■ **EXERCISE**
Please set out each line below exactly as it stands, without the images.

■ **DATA BELOW**
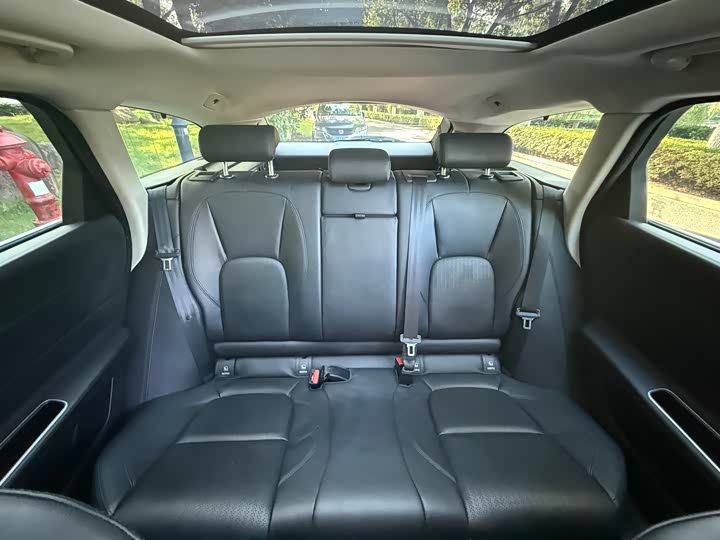 Jaguar XF 2018 XF Sportbrake 2.0 T 250 PS 2 WD — фото 35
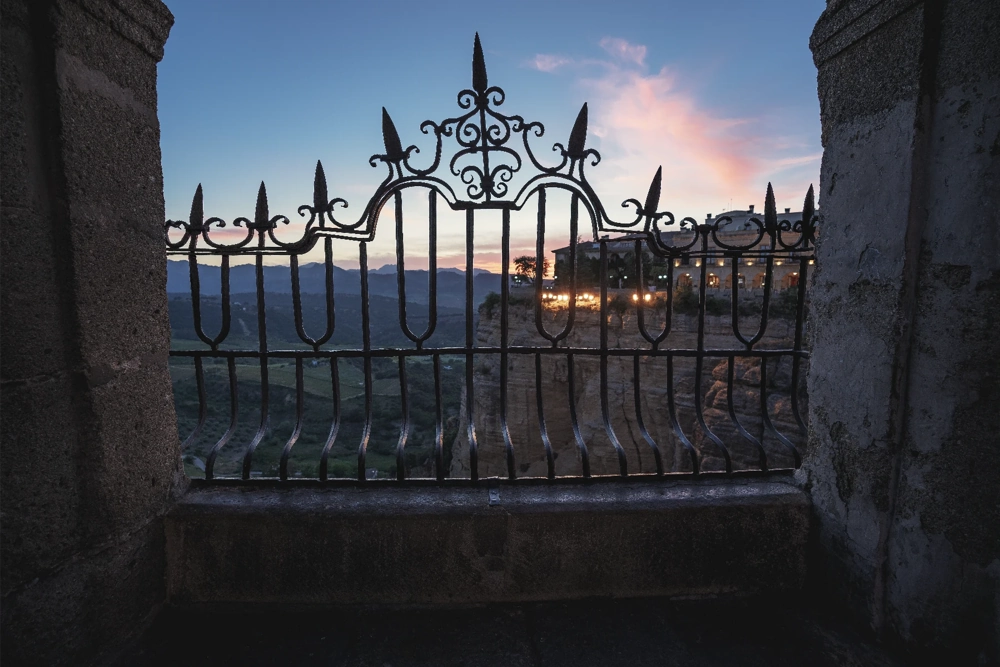 Ornamentowe ogrodzenie kute na tarasie widokowym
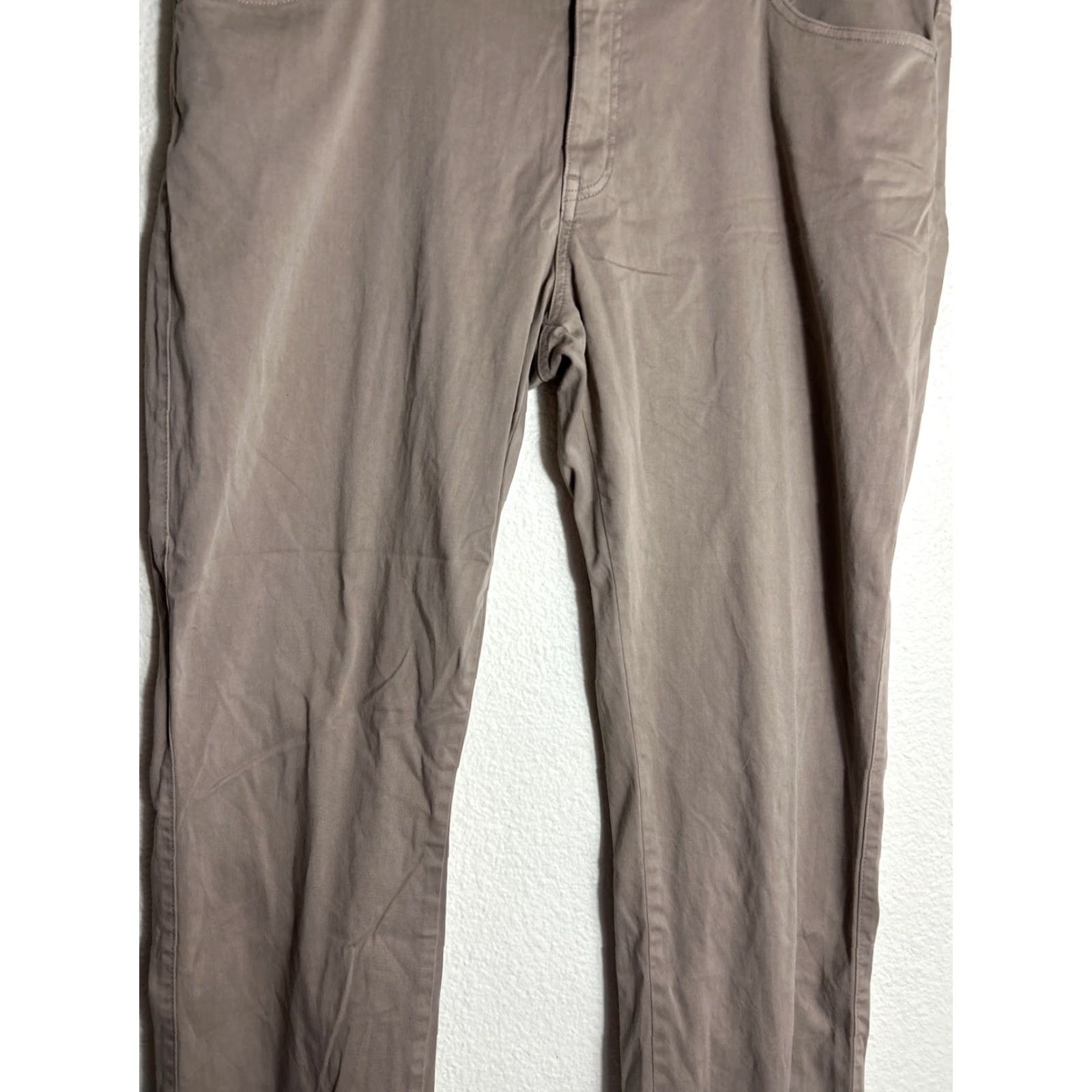 Peter Millar Peter Millar Ultimate Sateen 5-Pocket Pants Mens 42x31 Beige Khaki 5 Pocket Chino Casual Formal Business Travel Wedding Size US 42 / EU 58 - 3 Thumbnail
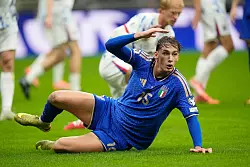 Italien mit Torschütze Pio Esposito muss in die Playoffs. - © Luca Bruno/AP/dpa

■ **SOLUTION**
 Jaguar XF 2018 XF Sportbrake 2.0 T 250 PS 2 WD — фото 35
 Ornamentowe ogrodzenie kute na tarasie widokowym
 Peter Millar Peter Millar Ultimate Sateen 5-Pocket Pants Mens 42x31 Beige Khaki 5 Pocket Chino Casual Formal Business Travel Wedding Size US 42 / EU 58 - 3 Thumbnail
 Italien mit Torschütze Pio Esposito muss in die Playoffs. - © Luca Bruno/AP/dpa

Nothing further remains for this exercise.